Le indiscrezioni quotano un colpo di scena: la presentazione alla platea confindustriale di una nuova misura che dovrebbe mediare tra gli interessi contrapposti, contribuire alla diminuzione del costo dell’energia e mettere tutti d’accordo. Le stesse voci dicono che a questa mediazione hanno lavorato in concordia sherpa confindustriali, del governo e della stessa Enel. Vedremo.
Un terzo argomento al quale Orsini tiene e Meloni dovrà rispondere riguarda l’orizzonte temporale della stessa politica industriale. Non si può andare di finanziaria in finanziaria (con lotteria delle lobby annessa). Confindustria chiede un impegno e un indirizzo almeno triennale, vista la stabilità del quadro politico e, di conseguenza, del governo. Certo, se Orsini nella sua relazione introducesse un’apertura sui salari la cosa verrebbe vista bene dal governo, perché alleggerirebbe la pressione popolare sul tema, ma non è detto che Orsini trovi il coraggio davanti ai suoi iscritti di aprire «quella porta».

Divergenze sindacali

Del resto gli osservatori di relazioni industriali notano come le scelte di alcune associazioni di categoria siano totalmente divergenti in materia di rapporto con il sindacato. Confindustria Moda, con il nuovo presidente Luca Sburlati, ha addirittura firmato un documento comune con le tre confederazioni per salvare il settore dai morsi della crisi. Federmeccanica invece continua con la politica del muro contro muro con Fim-Fiom-Uilm in merito al rinnovo del contratto dei metalmeccanici, il più importante del sistema Paese.
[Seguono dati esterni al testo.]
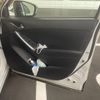 mazda cx-5 2014 -MAZDA--CX-5 LDA-KE2FW--KE2FW-139568---MAZDA--CX-5 LDA-KE2FW--KE2FW-139568- image 11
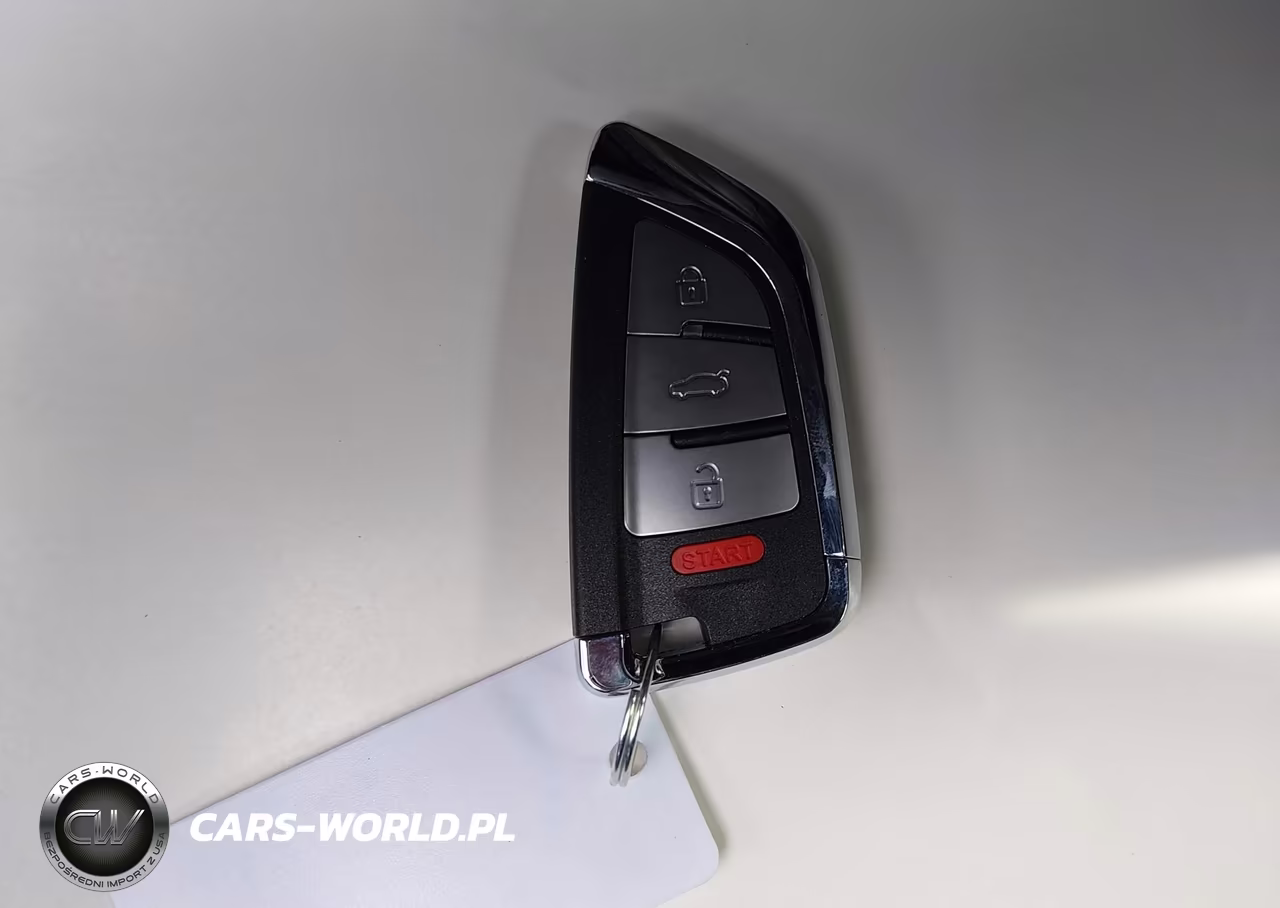 2016 Volkswagen Tiguan R-Line VIN:WVGBV7AX9GW010575 - 11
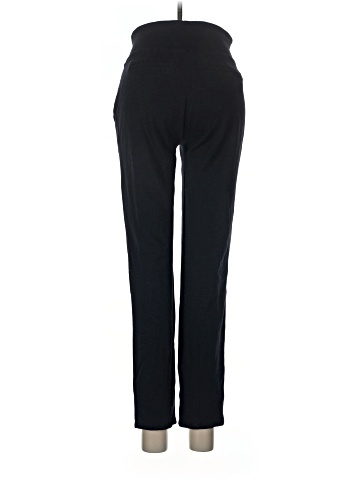 Kit and Ace Casual Pants (view 2)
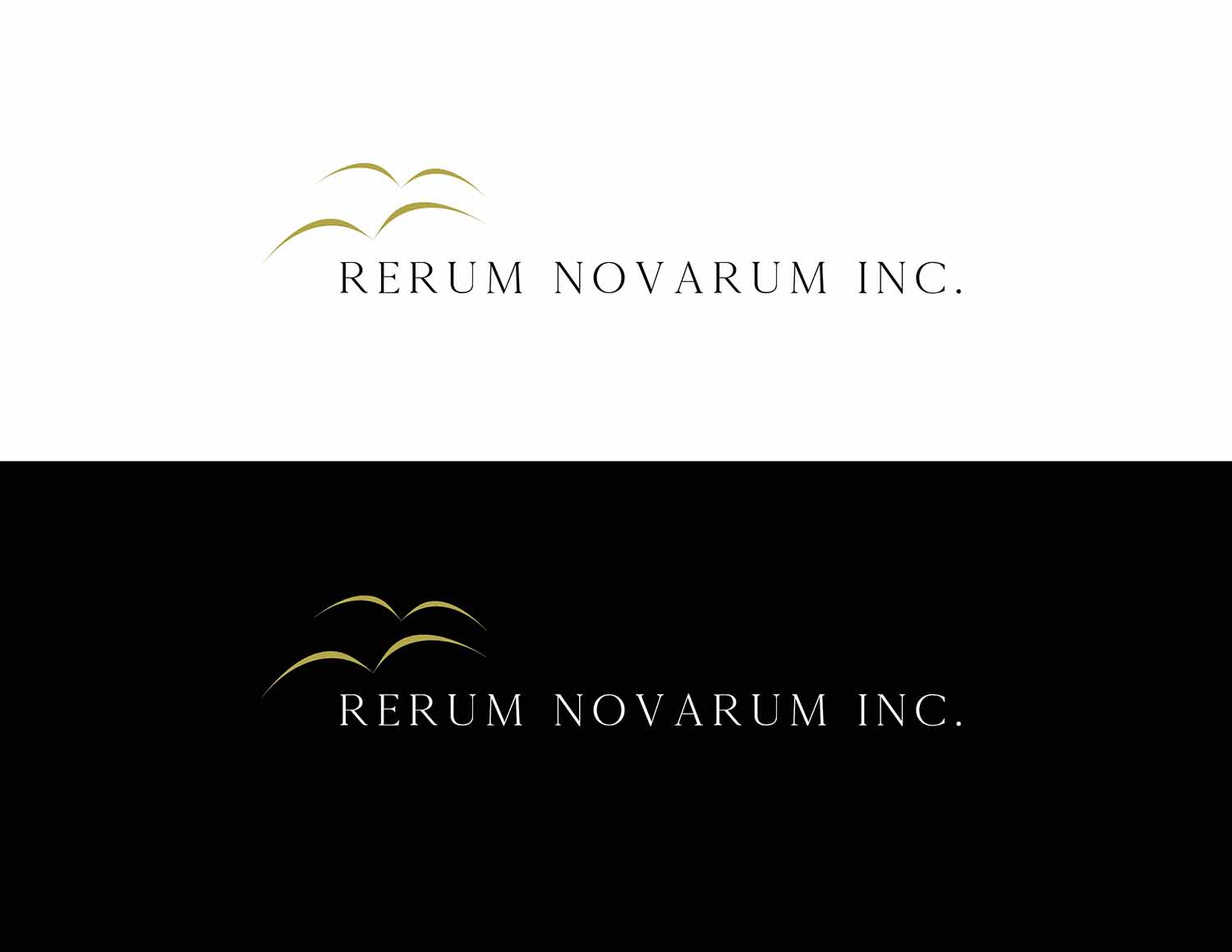 Logo Design by martinezc for BCD Innovations | Design #19539446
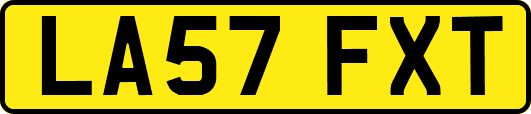 LA57FXT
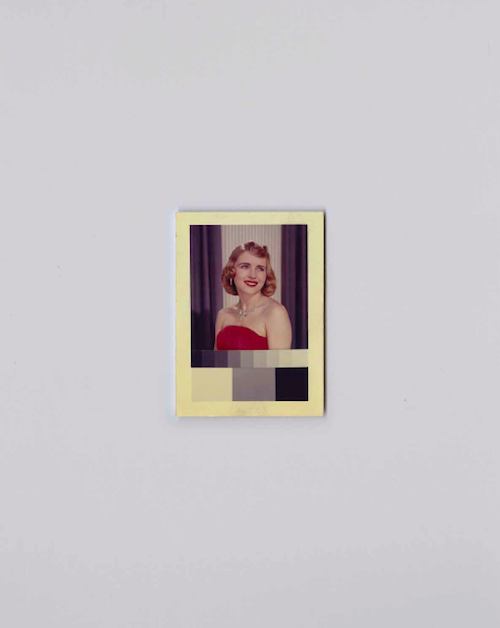 Arthur+Prior_Various+incarnations+of+Shirley.jpg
Si sa che Confindustria vedrebbe di buon occhio la riapertura del tavolo, ma non è detto che Orsini ne faccia cenno a Bologna.
Tra le curiosità pre-assemblea, infine, ha destato interesse come nell’ultimo bollettino Congiuntura Flash il Centro Studi di Confindustria abbia dato grande spazio all’analisi del caso spagnolo e alla tesi che il successo di Madrid non derivi solo da turismo e costruzioni ma anche dall’industria. Alimentare, farmaceutica, elettronica sono i capitoli più interessanti, ma anche l’auto — che è caduta — ha limitato di molto i danni, specie se paragonata al crollo italiano.

Le virtù spagnole

Insomma tutta la lettura del caso spagnolo porta la Confindustria a dire che lì c’è un clima più favorevole all’impresa, la burocrazia è più efficiente e molto più veloce nei suoi movimenti: per questo ci sarebbero addirittura imprenditori italiani disposti, se non a trasferire le produzioni, quantomeno a scommettere sulla Spagna.
Maliziosamente, si potrebbe rilevare che un peana a un Paese a guida socialista non è un incentivo per persuadere Meloni, ma dal Centro Studi assicurano che non è un confronto tra governi che si vuole proporre, bensì tra sistemi.
E come, ad esempio, a fare la differenza sia un’amministrazione pubblica decentrata che in Spagna ha iter autorizzativi veloci mentre in Italia non perde occasione per mettere i bastoni tra le ruote alle imprese che vogliono investire.